Il me tint quelque temps encore dans cette chambre embrasée, d’où je songeais à m’échapper au plus vite pour tâcher de rejoindre Jahel, à qui j’avais hâte d’apprendre mes malheurs. Enfin, il sortit de l’atelier et je pensai être libre. Mais il trompa encore cette espérance.
— Le temps, me dit-il, est ce matin assez doux, encore qu’un peu couvert. Ne vous plairait-il point de faire avec moi une promenade dans le parc, avant de reprendre cette version de Zozime le Panopolitain, qui vous fera grand honneur, à vous et à votre maître, si vous l’achevez tous deux comme vous l’avez commencée ?

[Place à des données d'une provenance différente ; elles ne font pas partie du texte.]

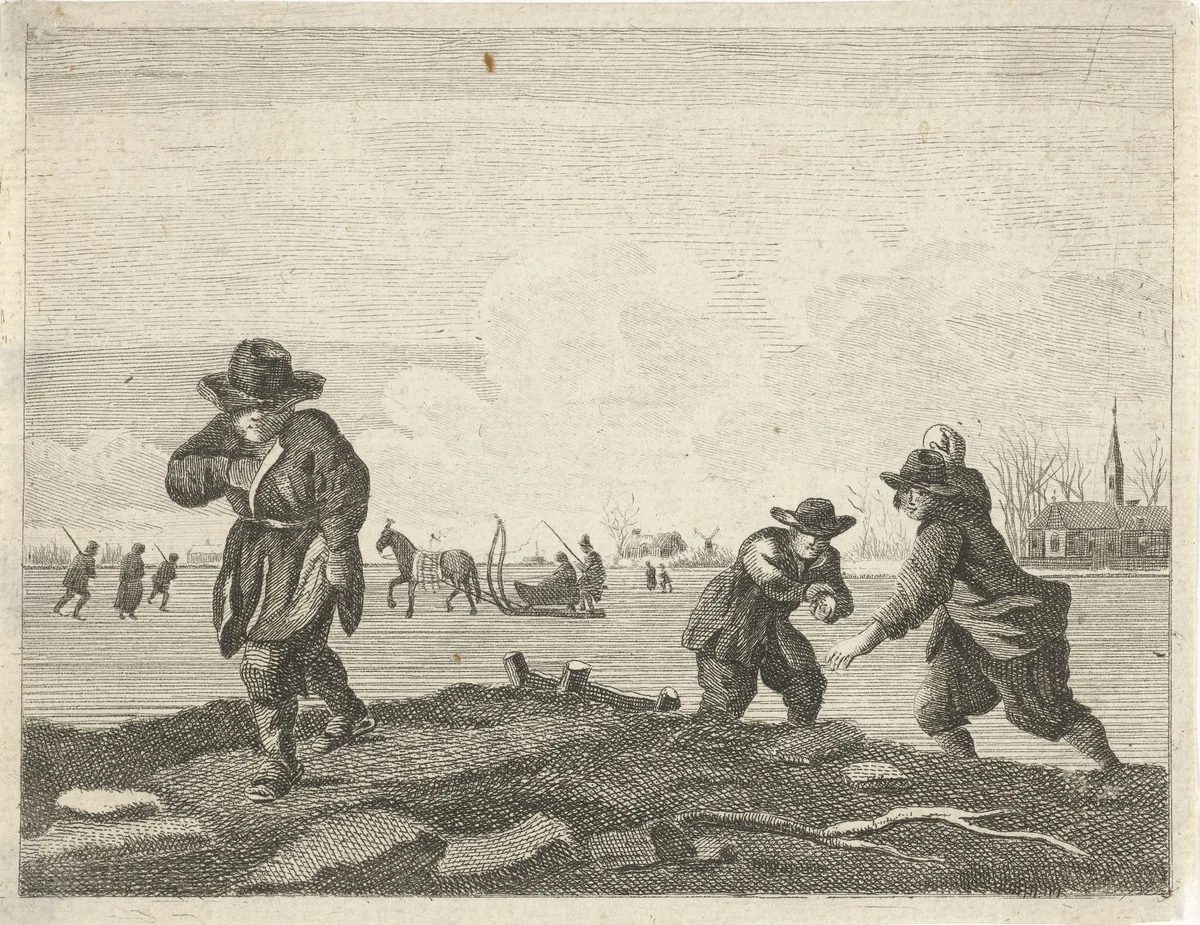 Sneeuwballengooiers by anonymous, print, 1745-1835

Je le suivis à regret dans le parc où il me parla en ces termes :
— Je ne suis pas fâché, mon fils, de me trouver seul avec vous, pour vous prémunir, tandis qu’il en est temps encore, contre un grand danger qui pourrait vous menacer un jour ; et je me reproche même de n’avoir pas songé à vous en avertir plus tôt, car ce que j’ai à vous communiquer est d’une extrême conséquence.
En parlant de la sorte, il me conduisit dans la grande allée qui descend aux marais de la Seine et d’où l’on voit Rueil et le Mont-Valérien avec son calvaire. C’était son chemin coutumier. Aussi bien cette allée était-elle praticable, malgré quelques troncs d’arbres couchés en travers.

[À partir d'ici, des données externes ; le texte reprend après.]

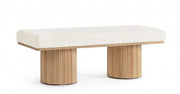Panca 2 Posti 122x46x42,5 cm Cozy Japandi in Bouclè Bianco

— Il importe, poursuivit-il, de vous faire entendre à quoi vous vous exposeriez en trahissant votre Salamandre. Je ne vous interroge point sur votre commerce avec cette personne surhumaine que j’ai été assez heureux pour vous faire connaître. Vous éprouvez vous-même, autant qu’il m’a paru, une certaine répugnance à en disserter. Et, peut-être, êtes-vous louable en cela. Si les Salamandres n’ont point sur la discrétion de leurs amants les mêmes idées que les femmes de la cour et de la ville, il n’en est pas moins vrai que le propre des belles amours est d’être ineffables et que c’est profaner un grand sentiment que de le répandre au dehors.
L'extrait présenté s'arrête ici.